## DIRECTIONS
From the records below, set down exactly the lines starting with the line that contains "With sufficient primary" and going on through the line that contains "The Software Installation". Nothing else is wanted.

Top of DATASET CONTENT

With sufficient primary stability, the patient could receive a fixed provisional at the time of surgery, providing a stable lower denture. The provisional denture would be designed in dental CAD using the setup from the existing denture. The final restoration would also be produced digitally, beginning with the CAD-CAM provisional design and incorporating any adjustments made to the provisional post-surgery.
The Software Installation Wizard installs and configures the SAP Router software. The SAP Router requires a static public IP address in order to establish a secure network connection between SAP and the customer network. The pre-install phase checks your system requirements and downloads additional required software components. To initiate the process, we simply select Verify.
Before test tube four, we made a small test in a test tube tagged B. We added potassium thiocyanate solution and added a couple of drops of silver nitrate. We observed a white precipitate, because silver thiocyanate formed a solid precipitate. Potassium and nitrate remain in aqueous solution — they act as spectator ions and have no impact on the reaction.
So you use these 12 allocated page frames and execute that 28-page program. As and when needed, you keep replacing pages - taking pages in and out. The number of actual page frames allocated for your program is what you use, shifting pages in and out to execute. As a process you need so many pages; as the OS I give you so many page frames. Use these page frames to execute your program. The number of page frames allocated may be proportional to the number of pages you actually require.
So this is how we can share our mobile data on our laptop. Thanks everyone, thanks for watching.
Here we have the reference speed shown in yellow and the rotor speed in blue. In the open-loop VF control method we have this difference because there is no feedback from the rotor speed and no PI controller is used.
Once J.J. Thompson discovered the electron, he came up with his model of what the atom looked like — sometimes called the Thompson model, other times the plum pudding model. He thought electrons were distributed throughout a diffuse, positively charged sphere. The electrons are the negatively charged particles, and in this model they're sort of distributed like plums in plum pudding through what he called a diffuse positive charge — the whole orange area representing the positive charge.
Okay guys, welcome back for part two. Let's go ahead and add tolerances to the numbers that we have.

Bottom of DATASET CONTENT
Top of DATASET CONTENT

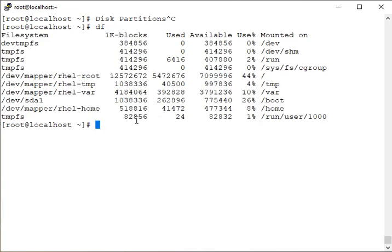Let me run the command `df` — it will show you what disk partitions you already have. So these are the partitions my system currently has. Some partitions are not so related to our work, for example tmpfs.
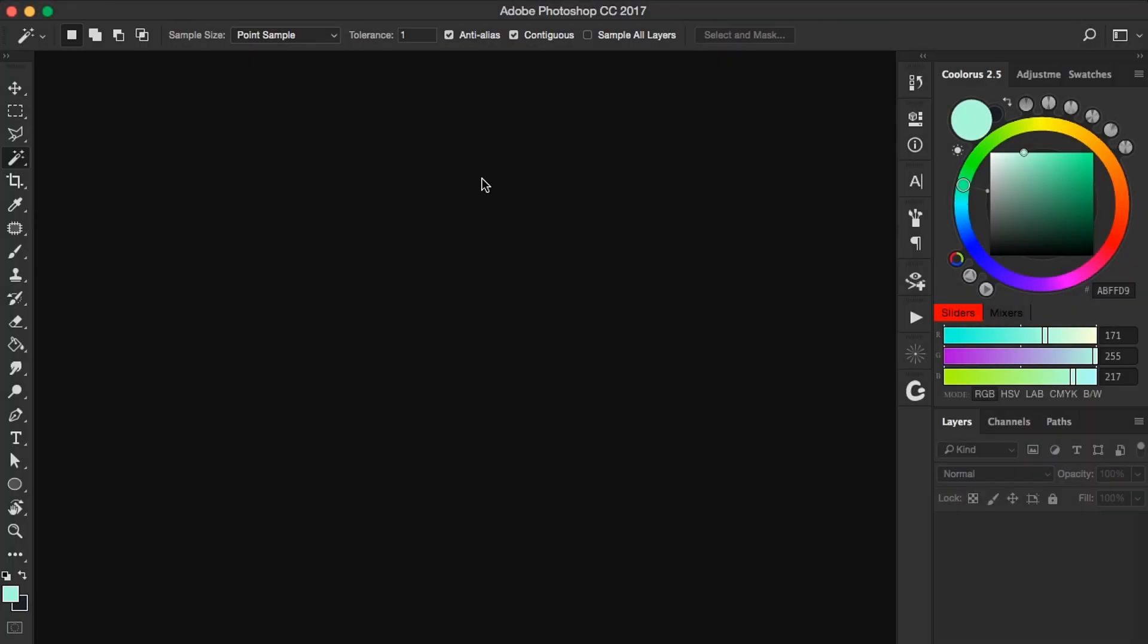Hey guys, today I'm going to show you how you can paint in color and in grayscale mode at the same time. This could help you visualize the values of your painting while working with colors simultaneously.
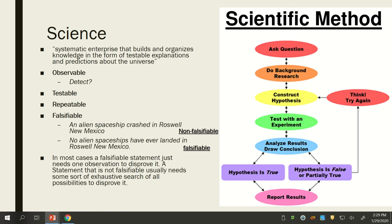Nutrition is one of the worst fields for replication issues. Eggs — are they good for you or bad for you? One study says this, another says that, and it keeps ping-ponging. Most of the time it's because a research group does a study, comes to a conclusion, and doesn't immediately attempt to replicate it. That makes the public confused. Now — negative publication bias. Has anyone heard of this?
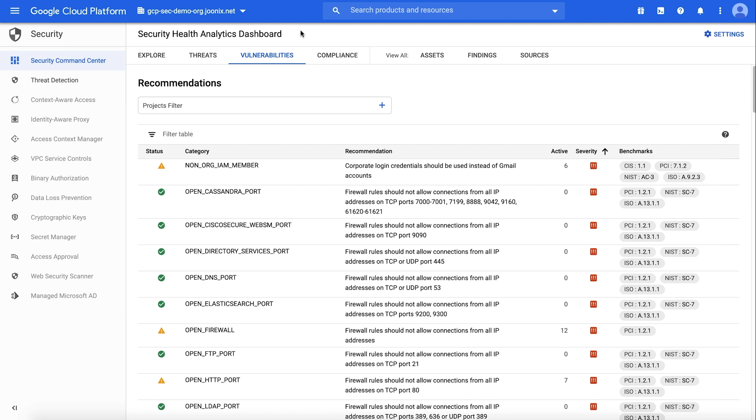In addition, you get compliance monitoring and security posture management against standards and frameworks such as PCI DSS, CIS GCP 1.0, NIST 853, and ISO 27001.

Bottom of DATASET CONTENT
Top of DATASET CONTENT

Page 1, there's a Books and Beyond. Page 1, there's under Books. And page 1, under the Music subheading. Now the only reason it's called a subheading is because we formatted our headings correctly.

Bottom of DATASET CONTENT

## COMPLETED TASK
With sufficient primary stability, the patient could receive a fixed provisional at the time of surgery, providing a stable lower denture. The provisional denture would be designed in dental CAD using the setup from the existing denture. The final restoration would also be produced digitally, beginning with the CAD-CAM provisional design and incorporating any adjustments made to the provisional post-surgery.
The Software Installation Wizard installs and configures the SAP Router software. The SAP Router requires a static public IP address in order to establish a secure network connection between SAP and the customer network. The pre-install phase checks your system requirements and downloads additional required software components. To initiate the process, we simply select Verify.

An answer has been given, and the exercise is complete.